Drone Reaper du 39 Squadron Royal Air Force à Kandahar Drone Reaper du 39 Squadron Royal Air Force à Kandahar Crédit photo / Cpl Mark Webster/MOD

Confrontée au risque de voir Barack Obama ne pas remporter un second mandat, son administration a accéléré – dans les semaines précédant l'élection de novembre 2012 – les travaux d'élaboration de règles explicites d'engagement des drones lors d'assassinats ciblés de terroristes. Deux responsables gouvernementaux avaient alors déclaré que « le nouveau président hériterait ainsi de normes et procédures claires. »

Depuis la réélection du président sortant, cette question a quelque peu perdu de son caractère d'urgence. Cependant, avec plus de 300 attaques de drones et quelque 2 500 personnes tuées par la CIA et l'armée depuis l'accession au pouvoir de Barack Obama, les conseillers du président américain font pression pour établir des règles formalisant le recours à des actions létales. Et ce de manière à lever les doutes et mettre fin aux désaccords internes.

Le débat porte notamment sur le point suivant : la « mise à mort commandée à distance » doit-elle être une mesure ultime pour contrer une menace imminente visant les États-Unis, ou bien un outil plus souple qui peut être mis à la disposition de gouvernements alliés ?

Bien que l'administration paraisse officiellement unie quant à la doctrine d'emploi des avions sans pilote, il en va tout autrement dans les coulisses. Selon des responsables participant aux discussions, le ministère de la Défense et la CIA continuent à faire pression pour obtenir une plus grande latitude en matière de frappes aériennes, alors que le ministère de la Justice, le Département d'État et le conseiller du président pour l'anti-terrorisme, John O. Brennan, plaident en faveur de plus de retenue.

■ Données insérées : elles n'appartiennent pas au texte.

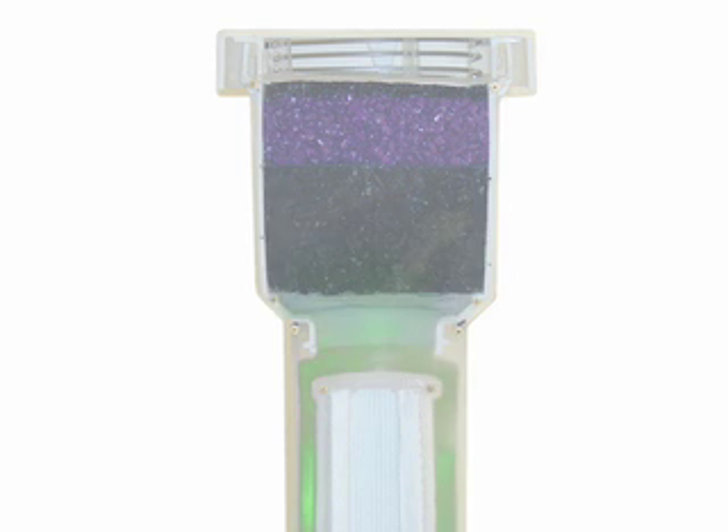The now dry propellant moves through the activated carbon cartridge in the upper section of the filter, where VOCs and odor are absorbed. By recycling the aerosol can, you save over 5,400 BTUs of energy and avoid an entire waste stream.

Globalement, les arguments juridiques de l'administration américaine – pour rendre les  frappes licites sur le plan du droit international – n'ont pas convaincu beaucoup de pays. D'autant qu'avant les attentats du 11 septembre 2001, les États-Unis ont systématiquement condamné, pendant des années, les éliminations ciblées de personnes soupçonnées de terrorisme par Israël (la plupart des pays continuant à s'opposer à de telles mesures). Toutefois, depuis le premier assassinat de ce type par les États-Unis en 2002, deux administrations ont successivement affirmé que l'Amérique était en guerre avec Al Qaida et ses affidés et qu'elle pouvait donc légalement se défendre en éliminant ses ennemis où qu'ils se trouvent.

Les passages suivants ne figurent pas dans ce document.